Why cyclic peptides?

Cyclic peptides are an emerging category of therapeutics. There are several attributes that make cyclic peptides a desirable therapeutic agent. In Fig. 1, some of these drug-favorable properties are compared among different categories of therapeutics. As it can be seen, cyclic peptides can have high binding affinity and selectivity without losing stability or increasing immunogenic responses. This mostly is related to their size, which lies in between small molecules (<500 Da) and large molecules (>5000 Da), and allows them to retain both the rigidity of small molecules for stability and less immunogenicity and wide surface area of large molecules for better binding affinity. In terms of permeability, even though many peptides (cyclic or linear) can not pass the cell membrane, there still are some cyclic peptides, like Cyclosporine A, that have a high permeability. Also, generally, it’s been shown that cyclic peptides are more permeable than their linear counterparts.

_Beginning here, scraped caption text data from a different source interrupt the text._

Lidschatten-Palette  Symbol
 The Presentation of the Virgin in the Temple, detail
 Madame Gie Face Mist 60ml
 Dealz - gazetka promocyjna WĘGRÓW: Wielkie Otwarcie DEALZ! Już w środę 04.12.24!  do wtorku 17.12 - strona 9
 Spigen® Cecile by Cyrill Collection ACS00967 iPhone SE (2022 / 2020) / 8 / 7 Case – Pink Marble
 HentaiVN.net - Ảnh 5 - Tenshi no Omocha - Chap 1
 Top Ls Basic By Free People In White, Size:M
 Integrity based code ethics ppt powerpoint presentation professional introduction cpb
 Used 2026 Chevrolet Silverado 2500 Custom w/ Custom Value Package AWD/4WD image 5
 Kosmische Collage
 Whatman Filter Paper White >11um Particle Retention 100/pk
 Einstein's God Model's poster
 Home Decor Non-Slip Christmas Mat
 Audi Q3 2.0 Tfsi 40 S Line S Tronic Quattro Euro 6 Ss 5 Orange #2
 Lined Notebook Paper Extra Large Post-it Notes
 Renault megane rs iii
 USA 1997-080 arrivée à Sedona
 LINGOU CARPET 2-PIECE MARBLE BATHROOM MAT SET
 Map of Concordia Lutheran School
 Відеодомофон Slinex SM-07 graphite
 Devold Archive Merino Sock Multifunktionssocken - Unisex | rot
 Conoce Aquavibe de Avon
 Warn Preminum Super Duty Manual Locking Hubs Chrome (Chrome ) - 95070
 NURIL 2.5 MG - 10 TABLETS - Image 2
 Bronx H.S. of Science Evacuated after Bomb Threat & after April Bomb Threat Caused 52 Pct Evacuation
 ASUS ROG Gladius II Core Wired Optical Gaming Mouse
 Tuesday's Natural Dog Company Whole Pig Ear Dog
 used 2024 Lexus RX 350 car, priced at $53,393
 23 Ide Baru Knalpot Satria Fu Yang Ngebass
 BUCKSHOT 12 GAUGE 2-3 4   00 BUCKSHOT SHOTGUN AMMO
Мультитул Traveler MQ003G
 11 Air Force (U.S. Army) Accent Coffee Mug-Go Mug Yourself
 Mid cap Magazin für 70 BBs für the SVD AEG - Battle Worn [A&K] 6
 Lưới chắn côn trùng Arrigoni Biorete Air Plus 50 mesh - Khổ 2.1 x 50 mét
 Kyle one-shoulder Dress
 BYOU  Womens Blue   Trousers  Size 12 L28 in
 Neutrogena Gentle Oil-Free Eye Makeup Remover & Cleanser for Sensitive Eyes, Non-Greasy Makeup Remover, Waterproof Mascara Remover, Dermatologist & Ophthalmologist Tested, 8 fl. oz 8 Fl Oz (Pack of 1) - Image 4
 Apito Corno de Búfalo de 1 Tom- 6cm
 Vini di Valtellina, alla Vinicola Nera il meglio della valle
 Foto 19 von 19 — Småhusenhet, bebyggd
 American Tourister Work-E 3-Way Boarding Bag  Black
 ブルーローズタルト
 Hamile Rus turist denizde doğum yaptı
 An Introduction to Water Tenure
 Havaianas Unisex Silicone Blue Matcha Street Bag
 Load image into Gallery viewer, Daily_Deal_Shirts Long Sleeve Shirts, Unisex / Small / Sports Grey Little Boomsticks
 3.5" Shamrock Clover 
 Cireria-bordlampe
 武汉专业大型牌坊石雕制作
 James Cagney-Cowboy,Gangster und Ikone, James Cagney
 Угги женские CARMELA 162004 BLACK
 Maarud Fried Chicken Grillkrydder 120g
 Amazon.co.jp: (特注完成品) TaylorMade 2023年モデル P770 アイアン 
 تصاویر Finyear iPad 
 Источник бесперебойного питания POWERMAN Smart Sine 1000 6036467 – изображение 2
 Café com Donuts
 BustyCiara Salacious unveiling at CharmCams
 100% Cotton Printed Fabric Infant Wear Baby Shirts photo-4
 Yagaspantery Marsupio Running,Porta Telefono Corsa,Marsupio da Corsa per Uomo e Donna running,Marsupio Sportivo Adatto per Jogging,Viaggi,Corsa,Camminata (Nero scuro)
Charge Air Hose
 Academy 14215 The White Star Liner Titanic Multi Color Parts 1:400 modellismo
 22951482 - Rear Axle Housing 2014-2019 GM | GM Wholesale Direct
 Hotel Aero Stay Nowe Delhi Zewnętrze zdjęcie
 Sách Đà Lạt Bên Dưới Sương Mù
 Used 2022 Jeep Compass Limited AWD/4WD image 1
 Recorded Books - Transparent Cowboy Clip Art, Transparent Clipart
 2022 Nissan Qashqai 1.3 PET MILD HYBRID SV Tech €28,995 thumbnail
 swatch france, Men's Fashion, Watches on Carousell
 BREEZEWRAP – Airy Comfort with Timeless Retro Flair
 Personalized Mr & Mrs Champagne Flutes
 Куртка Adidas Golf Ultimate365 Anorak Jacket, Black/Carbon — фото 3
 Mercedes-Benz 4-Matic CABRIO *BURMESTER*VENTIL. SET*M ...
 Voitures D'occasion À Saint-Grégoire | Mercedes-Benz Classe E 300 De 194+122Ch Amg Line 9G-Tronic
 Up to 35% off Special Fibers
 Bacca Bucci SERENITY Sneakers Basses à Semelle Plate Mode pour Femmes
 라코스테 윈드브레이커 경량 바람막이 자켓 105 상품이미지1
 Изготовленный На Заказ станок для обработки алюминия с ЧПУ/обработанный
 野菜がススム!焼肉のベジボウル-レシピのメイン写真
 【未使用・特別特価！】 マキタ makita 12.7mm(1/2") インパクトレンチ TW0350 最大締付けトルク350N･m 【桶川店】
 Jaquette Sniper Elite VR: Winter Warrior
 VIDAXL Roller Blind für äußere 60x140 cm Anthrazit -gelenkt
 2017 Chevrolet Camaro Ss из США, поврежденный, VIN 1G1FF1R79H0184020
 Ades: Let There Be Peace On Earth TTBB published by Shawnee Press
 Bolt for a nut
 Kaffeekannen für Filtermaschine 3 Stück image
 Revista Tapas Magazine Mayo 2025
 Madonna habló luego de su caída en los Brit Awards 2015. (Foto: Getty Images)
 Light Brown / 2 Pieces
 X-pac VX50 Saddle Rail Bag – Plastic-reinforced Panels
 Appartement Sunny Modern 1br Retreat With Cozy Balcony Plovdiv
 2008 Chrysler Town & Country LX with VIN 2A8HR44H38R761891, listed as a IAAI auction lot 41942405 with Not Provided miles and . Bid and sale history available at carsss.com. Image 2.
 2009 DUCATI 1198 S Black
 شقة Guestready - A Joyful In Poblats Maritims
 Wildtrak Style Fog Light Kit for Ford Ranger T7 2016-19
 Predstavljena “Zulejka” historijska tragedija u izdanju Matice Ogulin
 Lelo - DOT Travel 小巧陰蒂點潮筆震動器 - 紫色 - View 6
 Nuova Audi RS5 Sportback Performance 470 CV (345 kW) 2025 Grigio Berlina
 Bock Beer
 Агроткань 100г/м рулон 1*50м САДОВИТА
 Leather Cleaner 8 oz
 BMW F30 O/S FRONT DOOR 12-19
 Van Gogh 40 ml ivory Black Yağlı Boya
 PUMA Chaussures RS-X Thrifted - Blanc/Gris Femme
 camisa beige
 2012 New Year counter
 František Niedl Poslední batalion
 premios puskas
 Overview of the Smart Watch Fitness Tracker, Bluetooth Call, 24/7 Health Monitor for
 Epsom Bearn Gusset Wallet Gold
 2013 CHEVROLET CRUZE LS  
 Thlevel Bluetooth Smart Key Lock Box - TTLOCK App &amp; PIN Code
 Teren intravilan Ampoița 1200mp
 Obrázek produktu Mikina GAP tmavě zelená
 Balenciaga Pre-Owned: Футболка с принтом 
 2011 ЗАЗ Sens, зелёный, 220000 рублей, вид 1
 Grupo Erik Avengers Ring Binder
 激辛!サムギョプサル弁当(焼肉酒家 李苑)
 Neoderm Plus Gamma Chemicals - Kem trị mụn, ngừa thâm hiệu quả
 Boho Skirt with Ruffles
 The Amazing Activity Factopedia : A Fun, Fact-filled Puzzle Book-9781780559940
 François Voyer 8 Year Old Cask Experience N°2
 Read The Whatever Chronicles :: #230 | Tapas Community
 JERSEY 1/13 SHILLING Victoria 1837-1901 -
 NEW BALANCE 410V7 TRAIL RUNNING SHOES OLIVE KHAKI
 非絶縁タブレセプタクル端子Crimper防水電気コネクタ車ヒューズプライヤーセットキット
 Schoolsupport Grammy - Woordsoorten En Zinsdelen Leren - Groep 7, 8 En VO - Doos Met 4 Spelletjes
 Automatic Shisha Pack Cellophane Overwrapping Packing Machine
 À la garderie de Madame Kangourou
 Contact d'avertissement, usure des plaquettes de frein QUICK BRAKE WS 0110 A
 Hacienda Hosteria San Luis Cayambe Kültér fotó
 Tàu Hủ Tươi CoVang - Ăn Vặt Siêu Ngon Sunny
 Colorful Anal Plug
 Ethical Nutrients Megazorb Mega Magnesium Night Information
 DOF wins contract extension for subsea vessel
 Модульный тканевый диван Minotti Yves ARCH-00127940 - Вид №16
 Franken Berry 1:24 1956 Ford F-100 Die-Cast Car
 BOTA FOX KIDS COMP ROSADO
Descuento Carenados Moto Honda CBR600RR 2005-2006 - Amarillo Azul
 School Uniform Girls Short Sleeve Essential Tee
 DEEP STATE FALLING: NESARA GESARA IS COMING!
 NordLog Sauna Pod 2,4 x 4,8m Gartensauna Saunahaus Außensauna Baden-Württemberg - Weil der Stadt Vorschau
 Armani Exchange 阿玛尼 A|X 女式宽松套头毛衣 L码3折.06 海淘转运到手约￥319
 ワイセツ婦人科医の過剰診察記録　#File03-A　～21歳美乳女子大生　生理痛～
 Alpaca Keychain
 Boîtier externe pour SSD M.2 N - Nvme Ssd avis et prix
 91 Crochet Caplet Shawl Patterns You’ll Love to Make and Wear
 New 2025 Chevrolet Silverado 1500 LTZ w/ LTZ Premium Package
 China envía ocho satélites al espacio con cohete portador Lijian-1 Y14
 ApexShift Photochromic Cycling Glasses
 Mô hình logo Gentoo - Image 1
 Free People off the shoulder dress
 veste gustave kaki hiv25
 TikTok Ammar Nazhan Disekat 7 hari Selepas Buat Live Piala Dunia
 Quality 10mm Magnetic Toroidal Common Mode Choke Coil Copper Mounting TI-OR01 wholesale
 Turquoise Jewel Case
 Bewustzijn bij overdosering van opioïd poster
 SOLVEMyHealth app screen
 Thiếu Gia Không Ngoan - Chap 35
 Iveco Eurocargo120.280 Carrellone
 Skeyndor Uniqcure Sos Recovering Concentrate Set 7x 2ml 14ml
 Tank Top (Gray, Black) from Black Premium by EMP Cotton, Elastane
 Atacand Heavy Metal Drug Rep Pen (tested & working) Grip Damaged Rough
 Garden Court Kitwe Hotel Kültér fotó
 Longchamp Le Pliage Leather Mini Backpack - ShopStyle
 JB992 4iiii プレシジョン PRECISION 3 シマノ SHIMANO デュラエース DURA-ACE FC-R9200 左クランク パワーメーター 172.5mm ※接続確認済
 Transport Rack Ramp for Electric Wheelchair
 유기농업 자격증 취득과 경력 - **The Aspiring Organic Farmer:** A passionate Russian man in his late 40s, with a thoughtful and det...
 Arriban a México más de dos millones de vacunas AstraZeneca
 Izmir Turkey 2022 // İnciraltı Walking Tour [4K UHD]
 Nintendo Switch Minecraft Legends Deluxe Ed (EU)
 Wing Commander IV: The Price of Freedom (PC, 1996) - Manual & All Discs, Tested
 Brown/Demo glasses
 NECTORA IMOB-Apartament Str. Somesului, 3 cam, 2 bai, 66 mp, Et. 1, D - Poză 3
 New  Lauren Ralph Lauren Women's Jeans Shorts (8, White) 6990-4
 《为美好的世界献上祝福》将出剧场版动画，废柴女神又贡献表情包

  1. Memebrane permeability prediction

Membrane permeability comes to focus when the target is an intracellular protein. Notably, the majority of undrugged protein-protein interaction (PPI) sites are inside the cell, and cyclic peptides are one of the most promising candidates for targeting them. Therefore, being able to find and design permeable cyclic peptides would be a critical step in drug discovery.

In my research, I want to fill in these gaps, respectively, by sampling a diverse set of peptides that are well representative of the whole space and then making a predictive model using machine learning approaches that can easily be used for every cyclic peptide. And this model will contribute to the machine learning field as well because of some unique properties of this problem, like circularity of the sequence and sparcity of the data.

So far, I have made a diverse set of peptides by statistical modeling, and in the next step, after getting experimental results, we will going to train the model.

  1. Structure ensemble prediction In this project, we are generating an ensemble of structures for each sequence of cyclic peptide, using Rosetta GenKIC app (aka. simple_cycpep), to use it as the training set for prediction model with machine learning algorithms. The data is alreasy generated and clustered for 50,000 sequences, and in the next step we are going to train the model.

  2. Permeability assay This information on this part in confidential and I can not share it before publication. This is going to be a new experimental on permeability of peptides, either cyclic or linear.